* _Source data_
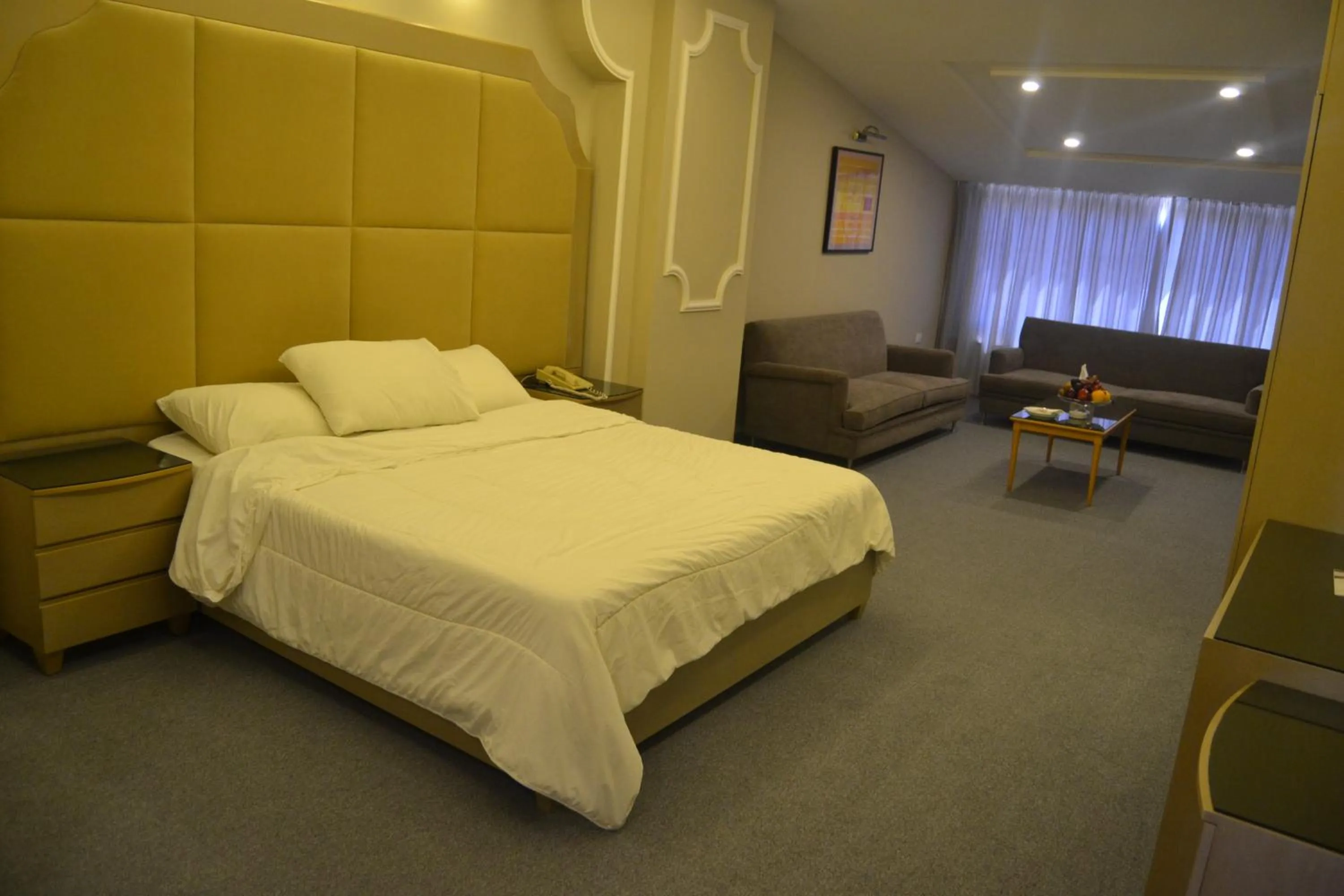 Photo of the whole room, Bed in Platinum Hotel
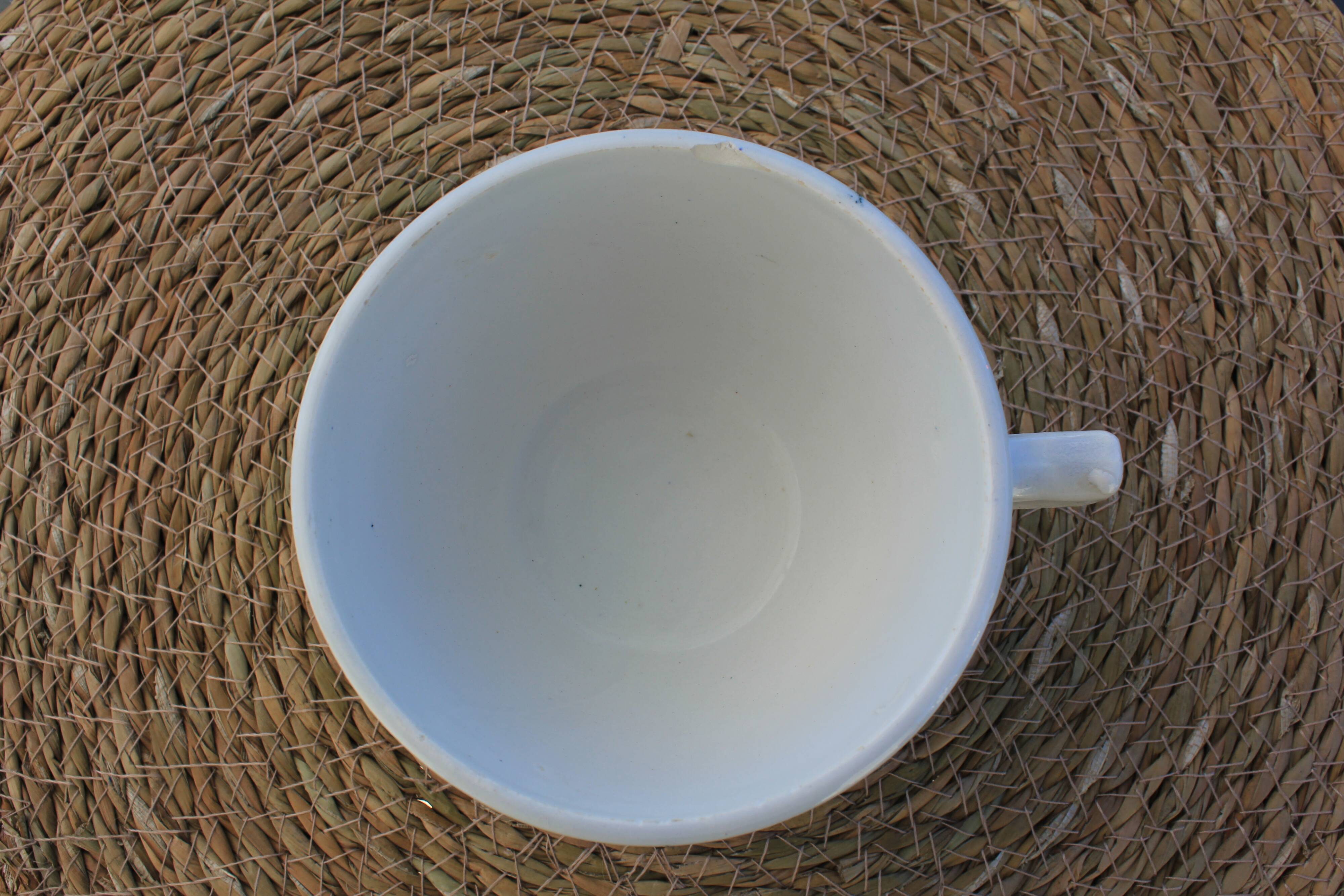 Large cup from the Faïencerie Nouvelle Givors model Rita.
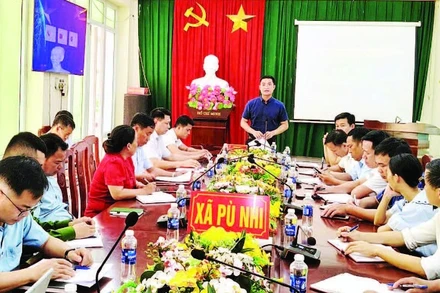 Cán bộ, công chức xã Pù Nhi, tỉnh Thanh Hóa dự hội nghị triển khai công tác sau kiện toàn tổ chức, bộ máy.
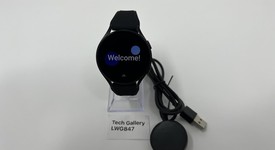 Mint
													Samsung Galaxy Watch4 - Unlocked, Black, 44mm, photo 6 of 6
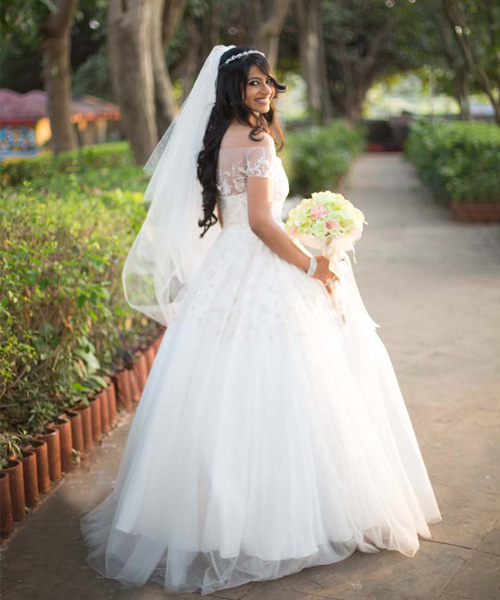 Chapel Length Wedding Veil, Simple Raw Edge Bridal Veil, White / Ivory –  One Blushing Bride Custom Wedding Veils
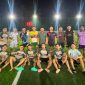 Sejumlah karyawan dan manager PT Loka Indah Lestari, Kecamatan Popayato kabupaten Pohuwato usai bermaymini soccer sebagai bentuyajang silaturahmi.Foto: Istw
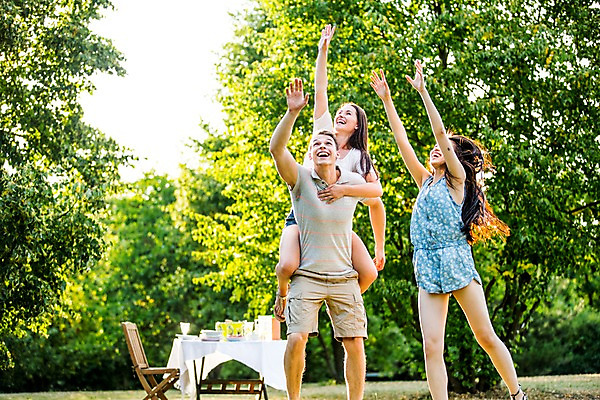 포토 JPG 주간 서양인 외국인 여자 남자 상반신 20대 성인 야외 앞모습 세명 친구 파티 정원 즐거움 업기 원반 원반던지기 성인만 국내포토 자연요소 감정 스포츠용품 뷰포인트 관계 모션 사람 인종 이벤트 청년 파일형식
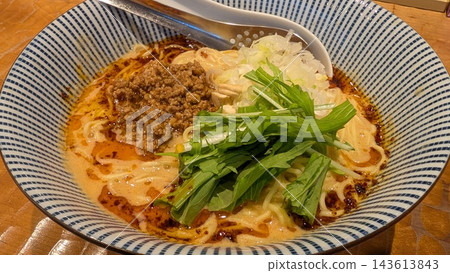 擔擔麵,上面放有肉末、水菜和蔥花 擔擔麵,上面放有肉末、水菜和蔥花 143613843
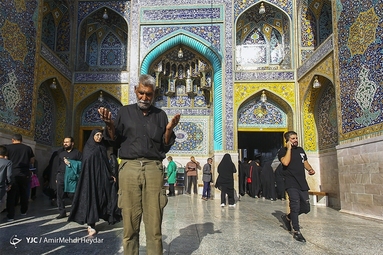 عزاداری سالروز شهادت امام رضا (ع) در حرم مطهر رضوی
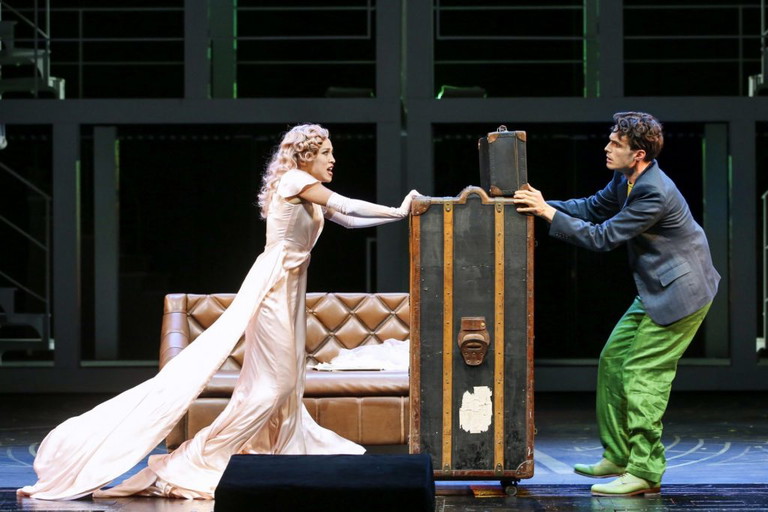 „3:1 für die Liebe“ hieß das Stück bei der Uraufführung. In der Volksoper steht es als „Roxy und ihr Wunderteam" am Programm. 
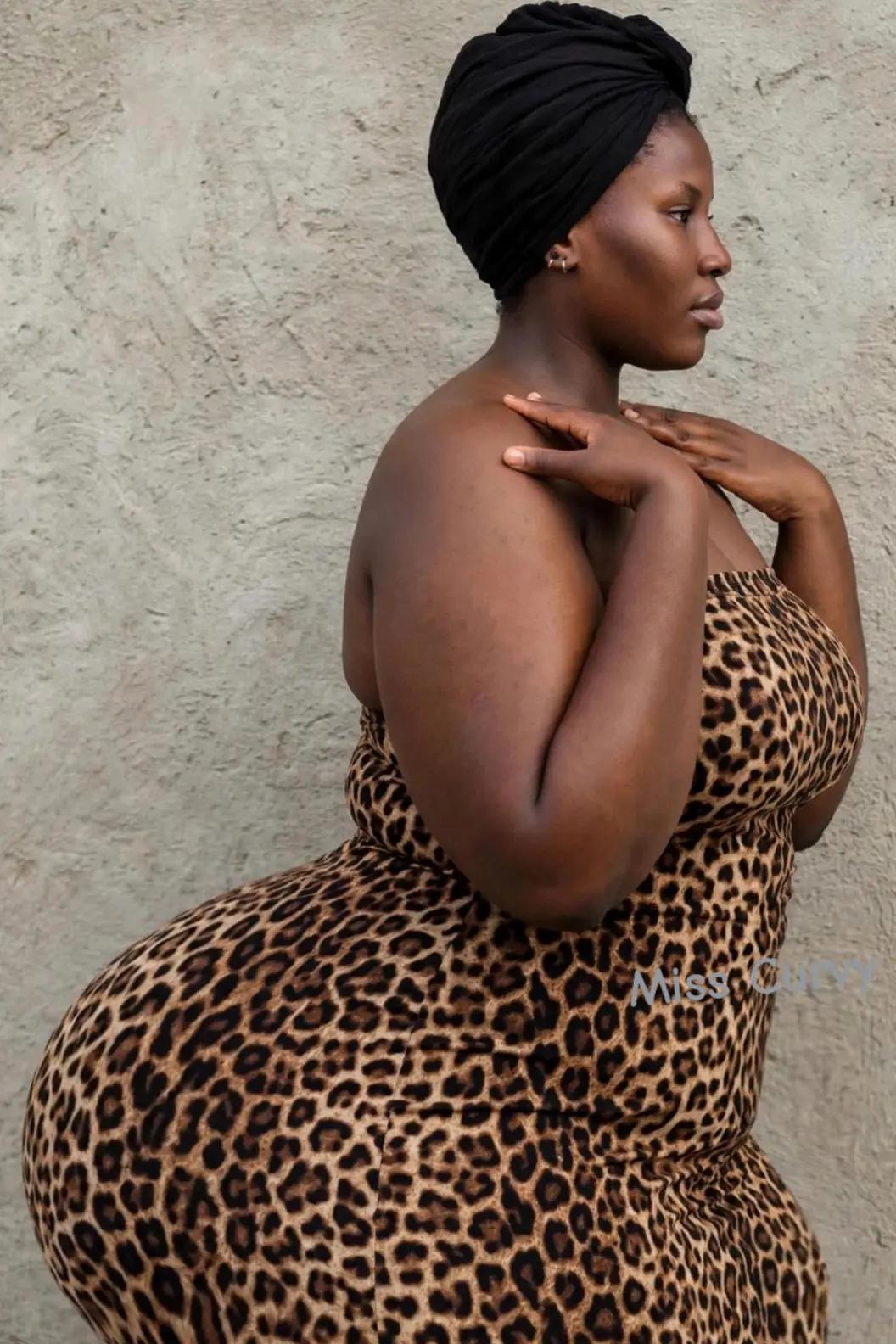 @Miss curvy 🥰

* _EXERCISE REQUIREMENTS_
Every line of the data above should be returned exactly, with the pictures removed.

* _SOLUTION_
 Photo of the whole room, Bed in Platinum Hotel
 Large cup from the Faïencerie Nouvelle Givors model Rita.
 Cán bộ, công chức xã Pù Nhi, tỉnh Thanh Hóa dự hội nghị triển khai công tác sau kiện toàn tổ chức, bộ máy.
 Mint
													Samsung Galaxy Watch4 - Unlocked, Black, 44mm, photo 6 of 6
 Chapel Length Wedding Veil, Simple Raw Edge Bridal Veil, White / Ivory –  One Blushing Bride Custom Wedding Veils
 Sejumlah karyawan dan manager PT Loka Indah Lestari, Kecamatan Popayato kabupaten Pohuwato usai bermaymini soccer sebagai bentuyajang silaturahmi.Foto: Istw
 포토 JPG 주간 서양인 외국인 여자 남자 상반신 20대 성인 야외 앞모습 세명 친구 파티 정원 즐거움 업기 원반 원반던지기 성인만 국내포토 자연요소 감정 스포츠용품 뷰포인트 관계 모션 사람 인종 이벤트 청년 파일형식
 擔擔麵,上面放有肉末、水菜和蔥花 擔擔麵,上面放有肉末、水菜和蔥花 143613843
 عزاداری سالروز شهادت امام رضا (ع) در حرم مطهر رضوی
 „3:1 für die Liebe“ hieß das Stück bei der Uraufführung. In der Volksoper steht es als „Roxy und ihr Wunderteam" am Programm. 
 @Miss curvy 🥰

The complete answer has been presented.